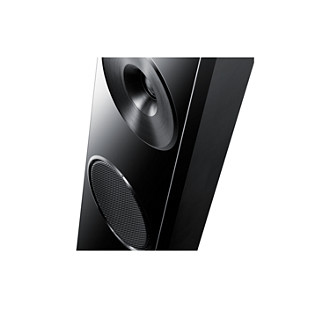 Samsung HT-E4550 home cinema system 5.1 channels – image 2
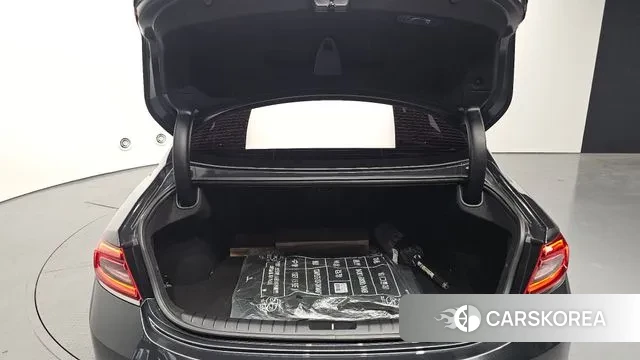 Hyundai Grandeur IG id 3778754 из Кореи 11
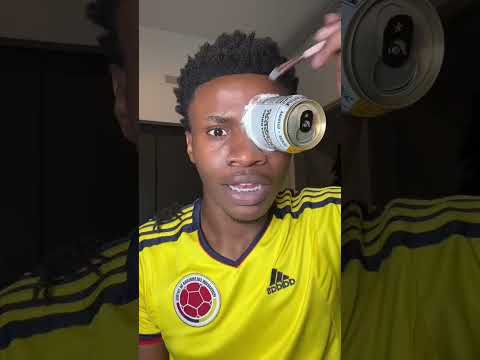 I saw something scurry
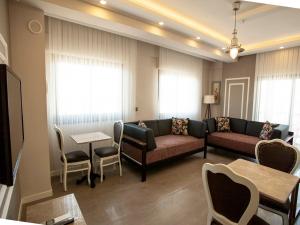 Gallery image of Lion Park Suites & Residence Hotel in Aydın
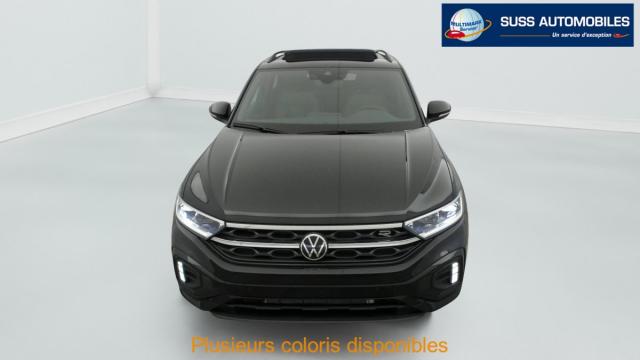 Volkswagen T-Roc image 2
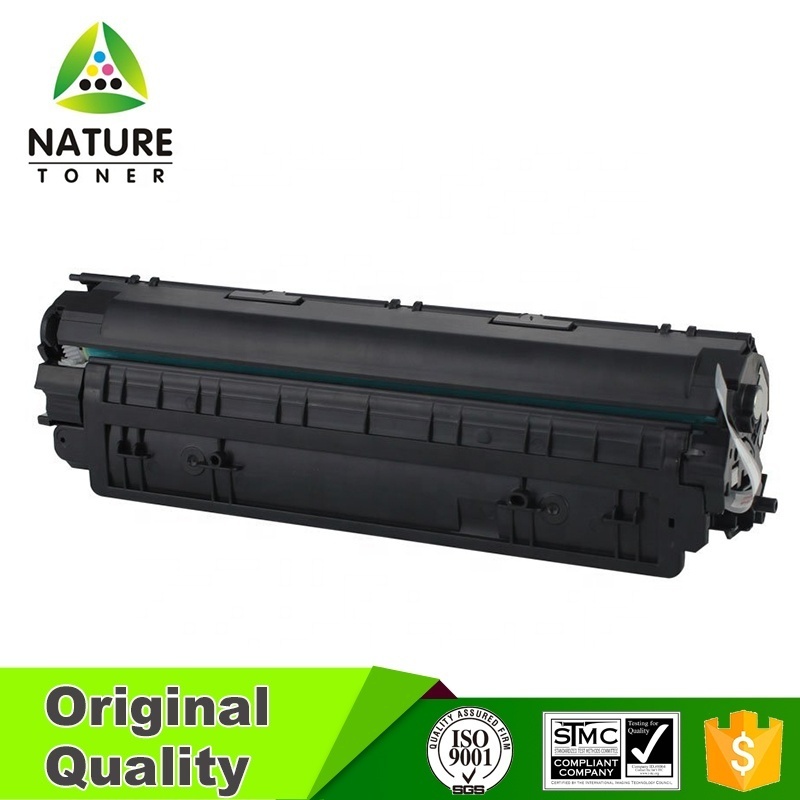 original quality Compatible for canon 737 CRG137 CRG237 CRG337 CRG537 CRG737 CRG-737 toner cartridge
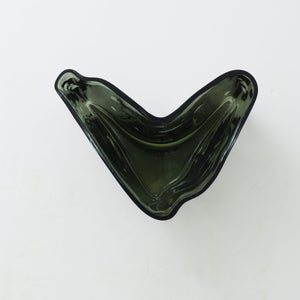 Aalto ベース175x140mm moss green 1875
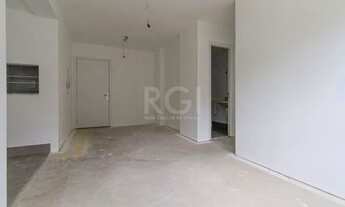 Imagem 4: Apartamento para Venda - 60.93m², 2 dormitórios, sendo 1 suites, 1 vaga - Jardim Lindóia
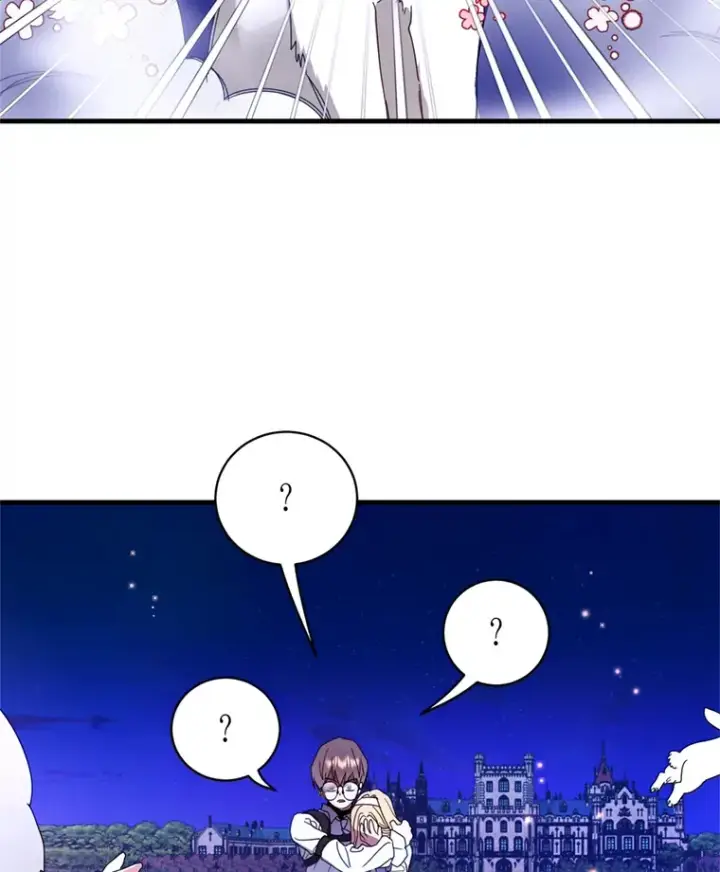 漫画《请痛快地处决我》12.拜访第58张图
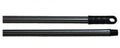 kij 120cm gumowany SREBRNY A23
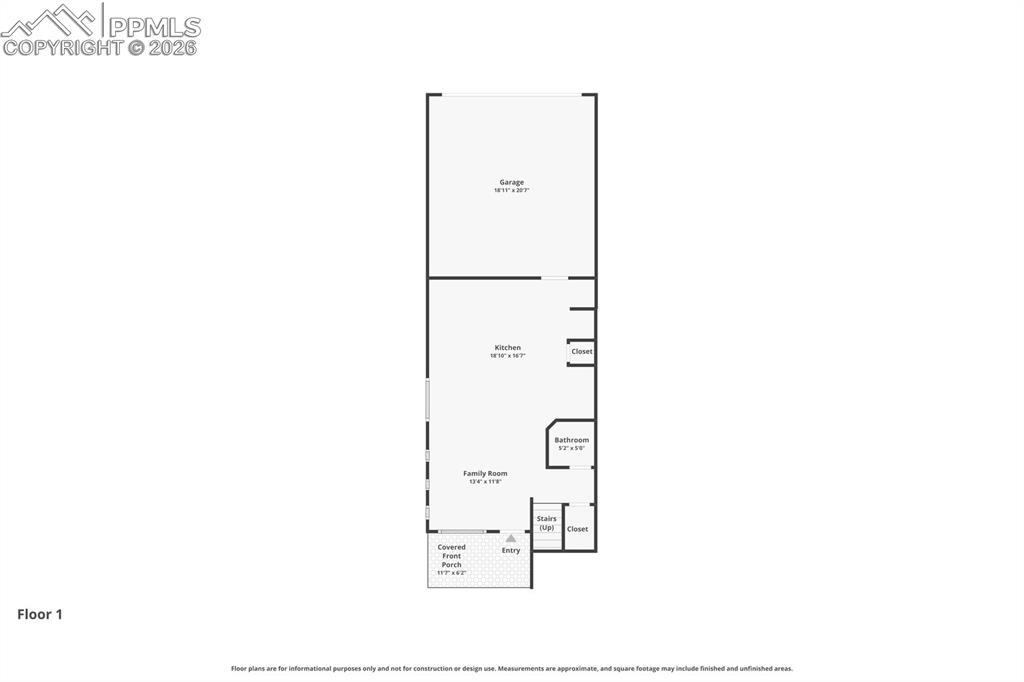 6411 Crossdrum Point Colorado Springs CO 80927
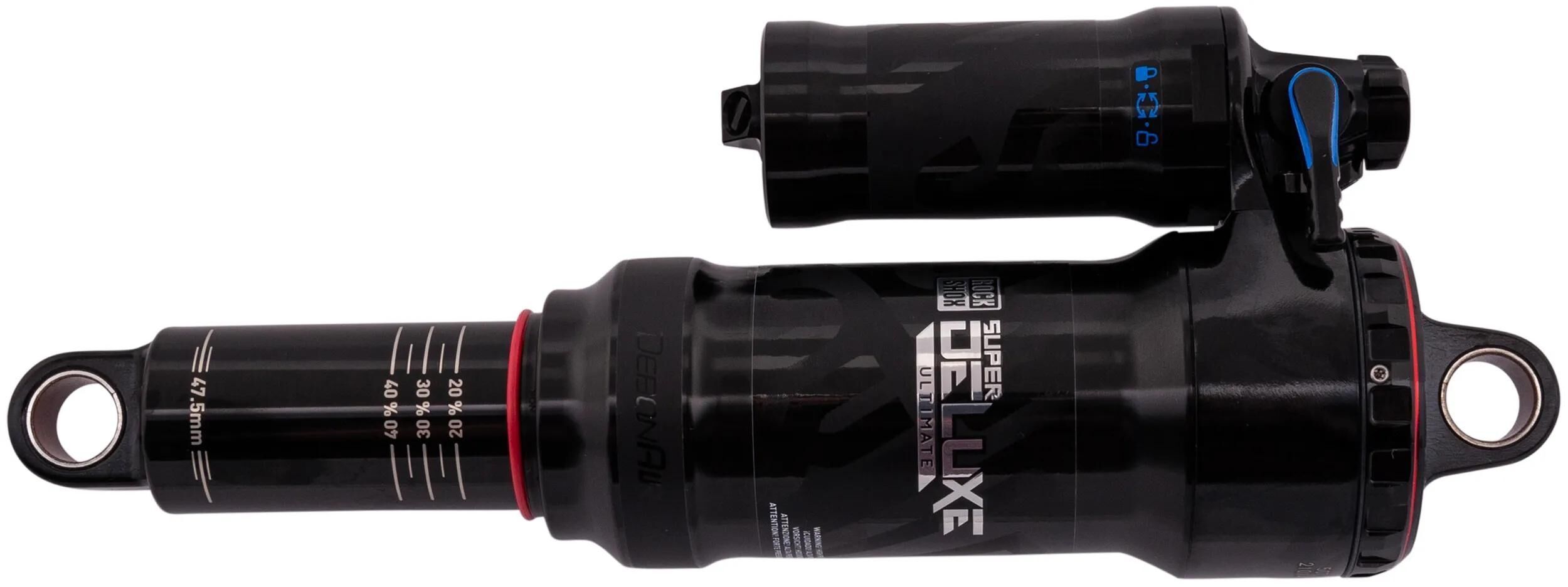 ROCKSHOX_Federbein Federbeine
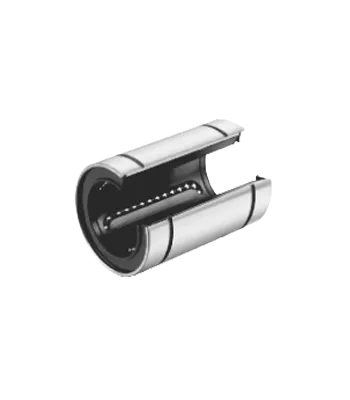 Linear Bush Bearings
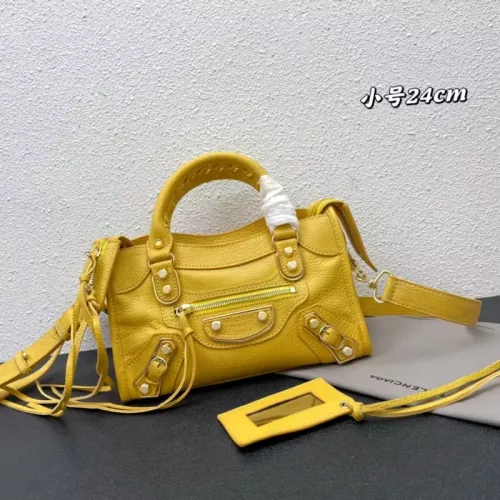 Balenciaga AAA Quality Handbags For Women #1332318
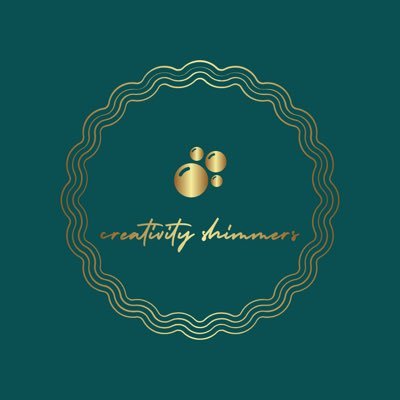 “Excited to bring my creativity to X! At Creativity Shimmers, I design unique and colorful cake toppers that make every celebration extra special.Follow Us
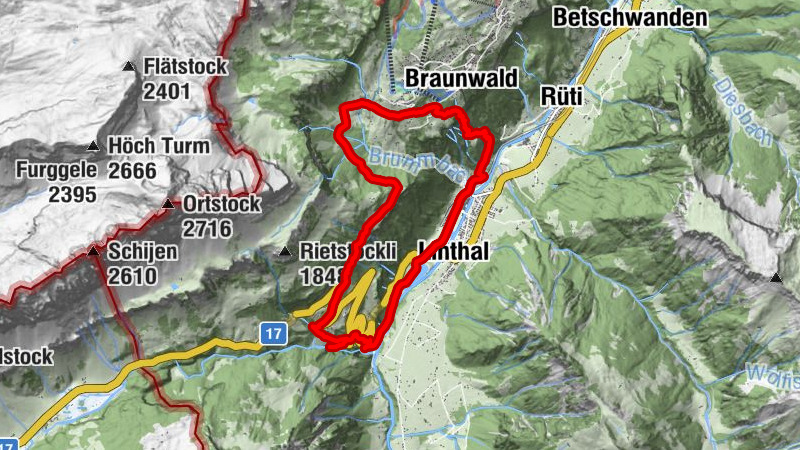 Carte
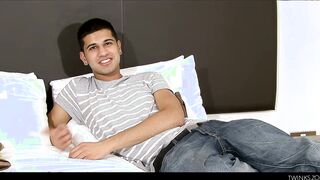 Ash Kahn Gay Porn HD 1080p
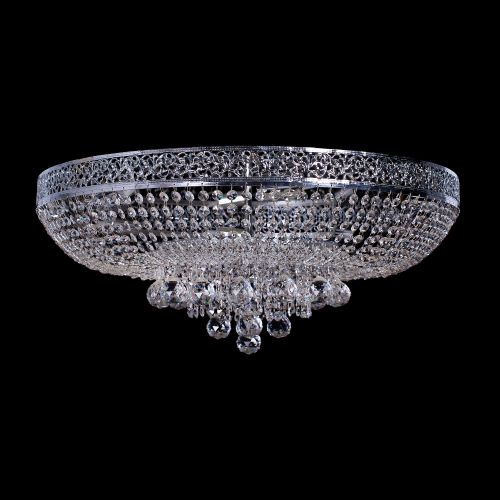 Люстра Валенсия №27 в Подольске Гусь Хрустальный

________________

Aim of the task: Now repeat exactly the lines from the one with "漫画《请痛快地处决我》12.拜访第58张图" through the end of the listing above, both included, omitting all pictures.

Answer space:
 漫画《请痛快地处决我》12.拜访第58张图
 kij 120cm gumowany SREBRNY A23
 6411 Crossdrum Point Colorado Springs CO 80927
 ROCKSHOX_Federbein Federbeine
 Linear Bush Bearings
 Balenciaga AAA Quality Handbags For Women #1332318
 “Excited to bring my creativity to X! At Creativity Shimmers, I design unique and colorful cake toppers that make every celebration extra special.Follow Us
 Carte
 Ash Kahn Gay Porn HD 1080p
 Люстра Валенсия №27 в Подольске Гусь Хрустальный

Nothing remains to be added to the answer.